Skipping all images, output the listing word for word.

○ ○ ○

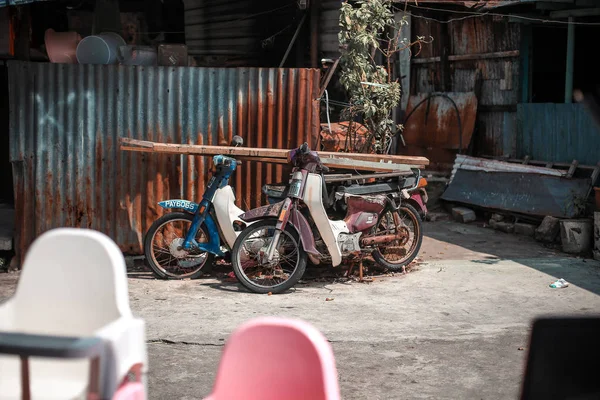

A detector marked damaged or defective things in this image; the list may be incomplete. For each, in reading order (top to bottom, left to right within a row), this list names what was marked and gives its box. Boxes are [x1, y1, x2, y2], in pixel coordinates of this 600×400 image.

rusty corrugated metal wall [8, 60, 318, 258]
cracked concrete floor [1, 220, 600, 398]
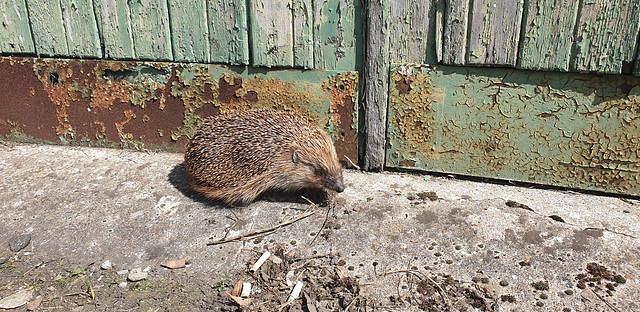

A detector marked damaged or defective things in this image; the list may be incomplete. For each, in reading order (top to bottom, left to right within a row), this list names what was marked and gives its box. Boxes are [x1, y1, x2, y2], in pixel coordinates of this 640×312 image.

rusty metal panel [0, 57, 358, 167]
rusty metal panel [388, 63, 640, 195]
peeling green paint [388, 63, 640, 195]
cracked concrete slab [0, 143, 636, 310]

○ ○ ○

ANSWER SPACE:
A detector marked damaged or defective things in this image; the list may be incomplete. For each, in reading order (top to bottom, left to right within a row), this list names what was marked and gives its box. Boxes are [x1, y1, x2, y2], in pixel coordinates of this 600×400 image.

rusty corrugated metal wall [8, 60, 318, 258]
cracked concrete floor [1, 220, 600, 398]

A detector marked damaged or defective things in this image; the list may be incomplete. For each, in reading order (top to bottom, left to right within a row), this list names what was marked and gives its box. Boxes are [x1, y1, x2, y2], in pixel coordinates of this 640×312 image.

rusty metal panel [0, 57, 358, 167]
rusty metal panel [388, 63, 640, 195]
peeling green paint [388, 63, 640, 195]
cracked concrete slab [0, 143, 636, 310]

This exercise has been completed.